Articles:
Alitalia should go to Air France-KLM

18.12.07 Publication:

When the board of Alitalia meets today to consider the competing acquisition proposals from Air France-KLM and Air One, the air will be filled with distracting issues. Does the buyer’s nationality matter? Should an airline, one attached to the name of Italy, be in private hands or state ownership—and does it matter if the state that owns part of Alitalia is the French state rather than the Italian one? No doubt the debate will be long and difficult. But these issues really are distractions. They should be ignored. The only question the board should think about is the question of what will be the best solution for Alitalia in commercial terms.

            The reason to focus strictly on commercial arguments, on the likely effects on profitability, revenue, debt and customers’ satisfaction, is not an ideological one. It is a practical reason. In some parts of the transport sector, it still makes sense to manage companies according to public goals rather than commercial ones. Railways is the main example: it is hard to introduce effective competition on railways, as the failed privatisation of British Rail showed in the 1990s; and the environmental case for subsidising rail travel to help it compete with roads and airlines is strong. This is not true of airlines.
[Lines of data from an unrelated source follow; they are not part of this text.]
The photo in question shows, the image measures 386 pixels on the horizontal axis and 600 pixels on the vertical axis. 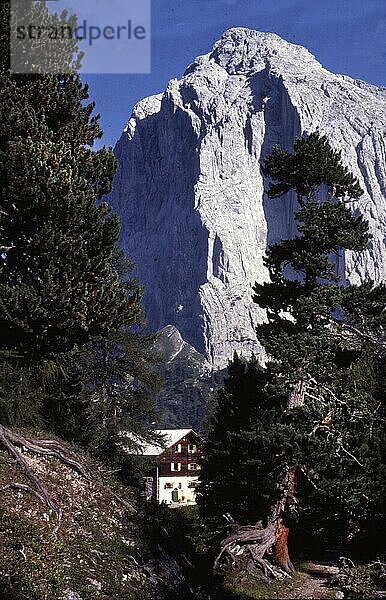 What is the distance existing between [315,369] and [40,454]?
416 inches

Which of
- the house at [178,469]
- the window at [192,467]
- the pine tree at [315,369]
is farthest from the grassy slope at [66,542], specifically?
the house at [178,469]

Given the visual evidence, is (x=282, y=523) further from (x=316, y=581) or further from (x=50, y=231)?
(x=50, y=231)

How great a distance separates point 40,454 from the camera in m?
14.1

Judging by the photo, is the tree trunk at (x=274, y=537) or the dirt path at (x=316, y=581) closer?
the dirt path at (x=316, y=581)

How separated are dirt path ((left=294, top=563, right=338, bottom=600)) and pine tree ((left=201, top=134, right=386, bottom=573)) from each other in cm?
114

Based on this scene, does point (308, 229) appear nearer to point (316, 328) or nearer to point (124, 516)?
point (316, 328)

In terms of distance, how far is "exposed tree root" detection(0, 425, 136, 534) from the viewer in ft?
39.1

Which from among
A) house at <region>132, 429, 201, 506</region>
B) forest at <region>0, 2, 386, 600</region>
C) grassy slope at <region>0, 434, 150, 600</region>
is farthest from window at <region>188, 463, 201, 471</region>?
grassy slope at <region>0, 434, 150, 600</region>

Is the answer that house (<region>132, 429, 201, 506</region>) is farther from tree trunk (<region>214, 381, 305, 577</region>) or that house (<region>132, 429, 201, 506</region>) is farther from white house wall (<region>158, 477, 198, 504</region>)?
tree trunk (<region>214, 381, 305, 577</region>)

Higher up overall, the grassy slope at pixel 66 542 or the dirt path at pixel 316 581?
the grassy slope at pixel 66 542

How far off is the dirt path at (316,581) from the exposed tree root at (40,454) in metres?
7.27

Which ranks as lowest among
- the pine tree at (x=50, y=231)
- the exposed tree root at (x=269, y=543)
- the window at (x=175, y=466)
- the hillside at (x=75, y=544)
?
the window at (x=175, y=466)

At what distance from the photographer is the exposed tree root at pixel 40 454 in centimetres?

            Nowadays, the airline business is highly competitive. Britain has a successful airline that still carries the country’s name, British Airways, but it is privately owned and there are several other private competitors—Virgin Atlantic, British Midland (part-owned by Lufthansa), Easyjet, Flybe—as well as all the foreign carriers that land at British airports. Unlike with railways, there is no shortage of choice. Given the European Union’s open air transport market, and the recent open skies deal with the United States, aviation is now fiercely competitive. No airline can survive if it does not follow a strictly commercial path.
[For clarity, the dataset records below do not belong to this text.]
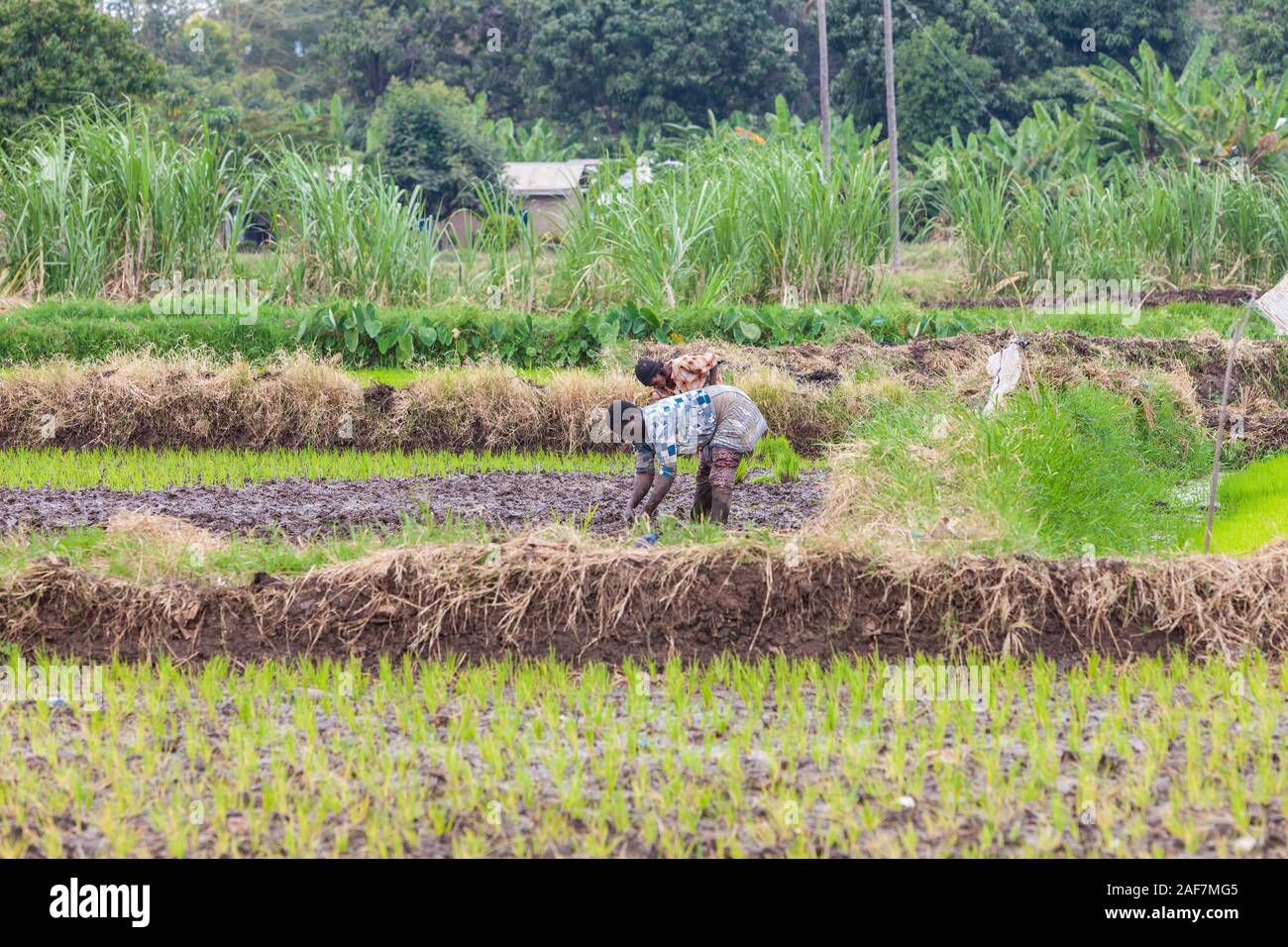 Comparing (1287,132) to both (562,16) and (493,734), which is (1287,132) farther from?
(493,734)

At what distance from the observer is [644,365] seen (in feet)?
Answer: 21.6

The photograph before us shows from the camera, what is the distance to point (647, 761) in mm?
4258

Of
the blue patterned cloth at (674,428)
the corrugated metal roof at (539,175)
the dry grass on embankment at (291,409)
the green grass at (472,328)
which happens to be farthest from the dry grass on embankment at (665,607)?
the corrugated metal roof at (539,175)

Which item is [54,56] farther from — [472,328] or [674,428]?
[674,428]

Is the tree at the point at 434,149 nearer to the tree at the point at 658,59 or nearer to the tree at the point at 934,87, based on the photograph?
the tree at the point at 658,59

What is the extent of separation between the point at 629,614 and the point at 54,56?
22.1m

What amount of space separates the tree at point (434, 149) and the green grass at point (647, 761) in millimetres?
24408

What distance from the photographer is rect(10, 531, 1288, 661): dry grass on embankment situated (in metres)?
5.35

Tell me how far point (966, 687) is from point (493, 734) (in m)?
1.57

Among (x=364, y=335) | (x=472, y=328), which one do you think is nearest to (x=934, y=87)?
(x=472, y=328)

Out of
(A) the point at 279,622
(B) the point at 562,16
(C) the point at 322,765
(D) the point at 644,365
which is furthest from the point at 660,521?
(B) the point at 562,16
            That is what Alitalia’s losses prove. The non-commercial operation of the national airline has failed, is costly for the Italian taxpayer, is bringing constant tension with the European competition authorities, and cannot be sustained in the modern world of competitive, low-priced air travel.

            The French state retains a shareholding in Air France-KLM. But it is only 18.6%. Moreover, the reason why Air France-KLM is now Europe’s biggest airline and one of its most profitable is that in recent years it has been run in a firmly commercial way. No doubt, if it proposed to withdraw services from Charles de Gaulle airport in Paris or to cut thousands of French jobs, it would face a political storm. But within that limitation, it has succeeded in operating like a fully private company. And there has been no protest from the Dutch about the French state owning shares in KLM.
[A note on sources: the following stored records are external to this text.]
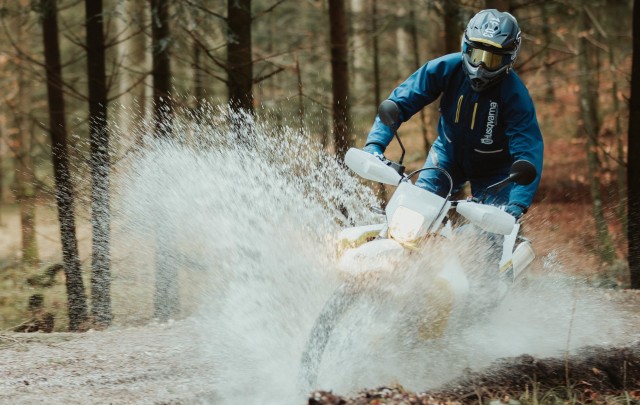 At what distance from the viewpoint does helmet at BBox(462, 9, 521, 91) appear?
5.30m

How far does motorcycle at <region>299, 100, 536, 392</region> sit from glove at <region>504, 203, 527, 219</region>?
294 millimetres

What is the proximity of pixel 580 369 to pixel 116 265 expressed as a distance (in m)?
7.48

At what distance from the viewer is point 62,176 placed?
10.1 meters

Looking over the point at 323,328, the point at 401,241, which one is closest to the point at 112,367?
the point at 323,328

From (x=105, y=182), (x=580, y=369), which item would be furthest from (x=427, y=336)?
(x=105, y=182)

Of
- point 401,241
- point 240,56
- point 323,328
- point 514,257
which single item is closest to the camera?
point 323,328

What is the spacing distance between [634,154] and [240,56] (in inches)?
214

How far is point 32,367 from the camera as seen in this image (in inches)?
236

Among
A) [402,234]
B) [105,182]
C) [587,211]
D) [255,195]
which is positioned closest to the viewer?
[402,234]

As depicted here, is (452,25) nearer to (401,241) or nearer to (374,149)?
(374,149)

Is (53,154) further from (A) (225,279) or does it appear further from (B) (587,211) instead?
(B) (587,211)

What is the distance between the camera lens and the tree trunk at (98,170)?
9.56 meters

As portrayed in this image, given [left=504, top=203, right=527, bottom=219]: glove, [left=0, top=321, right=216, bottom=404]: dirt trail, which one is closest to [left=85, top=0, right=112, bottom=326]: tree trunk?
[left=0, top=321, right=216, bottom=404]: dirt trail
            With Alitalia, politics will always intervene, regardless of who owns the firm. Anyone who dreams of another outcome should simply look at Telecom Italia. But if political influences are to be kept under some restraint, then paradoxically a foreign, even state-owned, buyer might be the best solution. Distance, even between Paris, Rome and Milan, would help. Also, however, the ability of unions to hold Alitalia to ransom through strikes or threats of strikes would be more limited if it were part of a big firm like Air France-KLM than the smaller Air One: the French giant could withstand a long dispute, while Air One could not.

            The board should thus take its decision on commercial grounds, bearing in mind today’s intense competition in civil aviation. Those grounds should include the ability to withstand political pressures. If that reasoning is followed, then the decision should go to Air France-KLM.